Back in 1967, King Hussein of Jordan was not very popular with his hard-line Arab neighbor states. President Nasser of Egypt called him an ‘imperialist lackey’ for his tepid support of Arab nationalism.
Nasser, you will recall, had kicked the UN peacekeeping force out of the Sinai Peninsula, closed the Straits of Tiran to Israeli shipping, and announced: “Our basic objective will be the destruction of Israel. The Arab people want to fight.”
Israel, nobody’s fool, had listened to Nasser’s comments. Their as-yet-unspoken reaction was, “Oh, yeah?” They would give voice to that reaction in spectacularly effective fashion in the Six-Day War, less than a week away.
King Hussein chose this propitious moment to make buddies with Nasser.
King Hussein was met at Almaza military airport by the president on an unannounced visit to the Egyptian capital, Cairo.
Five hours later, Cairo Radio announced the two leaders had signed the deal stating that “the two countries consider any attack on either of them is an attack on both and will take measures including the use of armed forces to repulse such an attack”.
Again, Israel’s reaction was an emphatic, “Oh, yeah?”

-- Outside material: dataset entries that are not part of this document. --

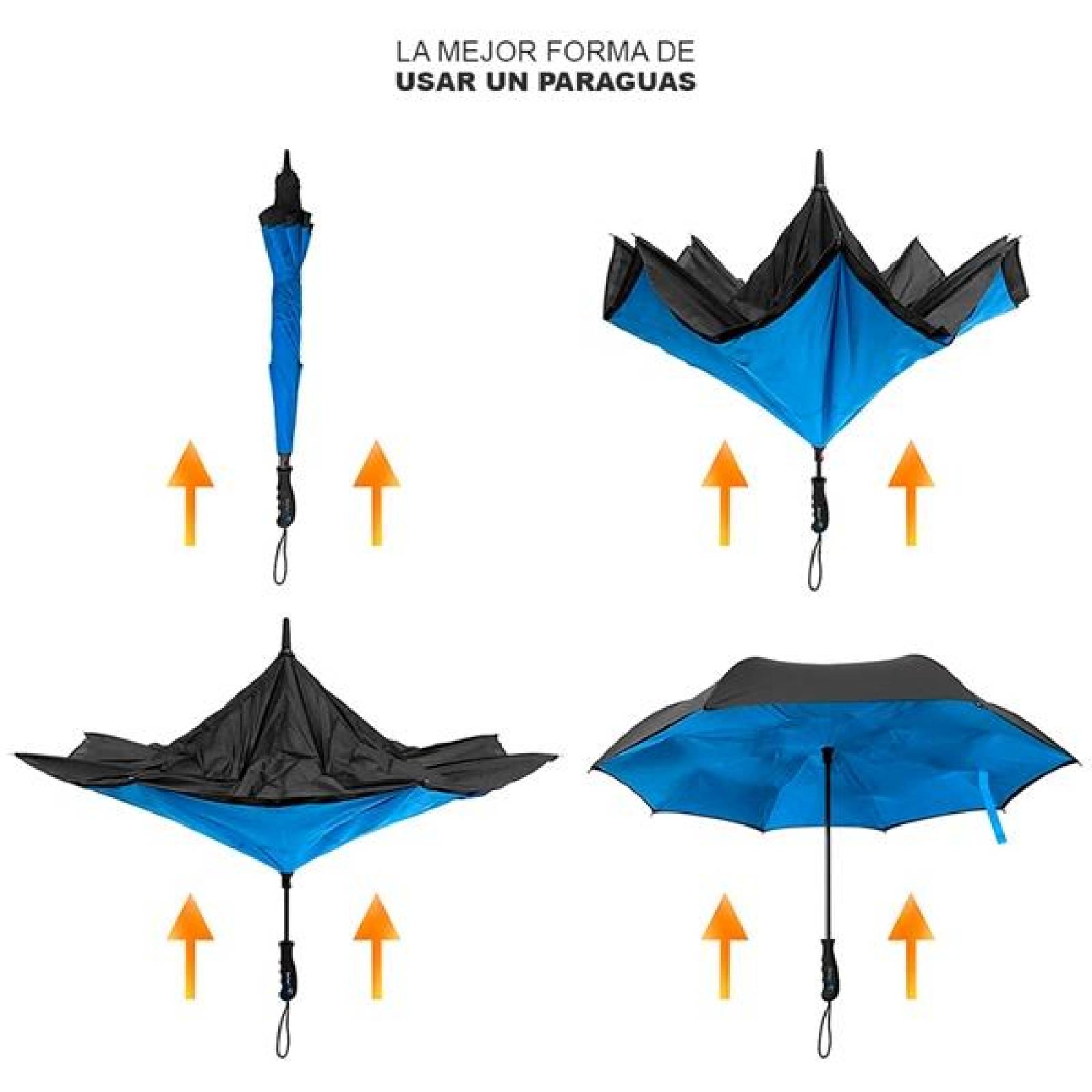 PARAGUAS INVERTIDO RESISTENTE EXCELENTE CALIDAD AUTOMATICO EXCLUSIVO DISEÑO COLOR ROJO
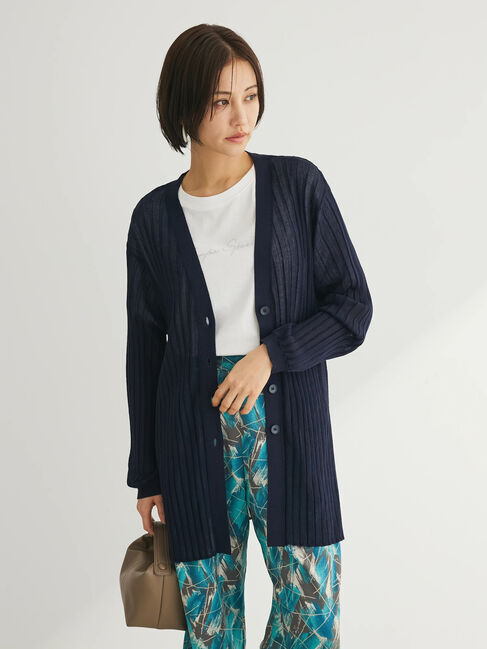 Green Parks「推しニット　リブ編みミドル丈カーディガン」|カーディガン|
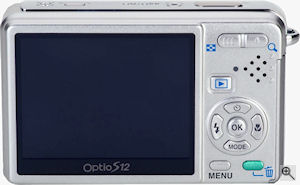 Pentax' Optio S12 digital camera. Courtesy of Pentax, with modifications by Michael R. Tomkins. Click for a bigger picture!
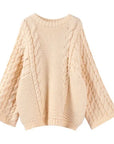 Casual Round Neck Thick Knit Sweater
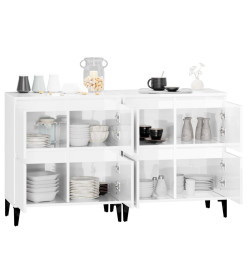 Buffets 2 pcs blanc brillant 60x35x70 cm bois d'ingénierie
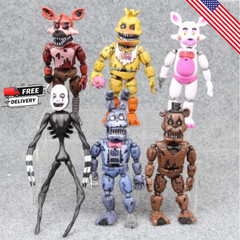 6pcs Set Five Nights at Freddy’s 6‘’ Action Figures FNAF Toys w/light.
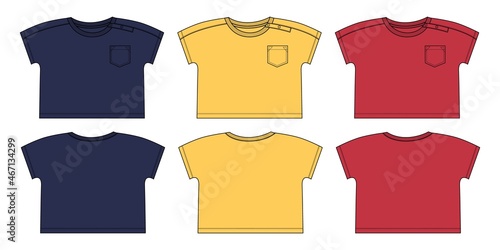 Navy, Yellow, Red Color Short sleeve With Pocket T-shirt Technical sketch fashion Flat template for  Kids. Vector art illustration Clothing mock up front, back view. Apparel Clothing  Dress Design. 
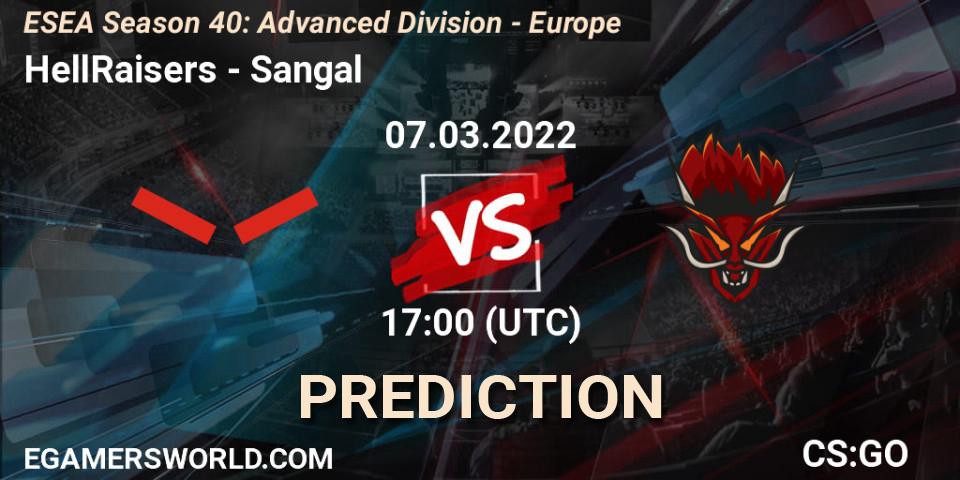 Pronósticos HellRaisers - Sangal. 07.03.22. ESEA Season 40: Advanced Division - Europe - CS2 (CS:GO)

As a result of his decision, Israel reoriented its plans and included the West Bank in them. Within two weeks of King Hussein’s uncanny display of political acumen, Jordan had lost the West Bank and Jerusalem; Egypt had lost the Sinai Peninsula and control over the Suez Canal; Syria had lost the Golan Heights; the air forces and armies of all three nations lay in blazing wreckage and scattered bodies; and half a million refugees had flooded into Jordan from the West Bank, and into Egypt from the Gaza Strip, creating what was to become the Palestinian problem.
They do say that timing is everything. I daresay King Hussein had plenty of time to ponder that, and rue its truth, in subsequent years.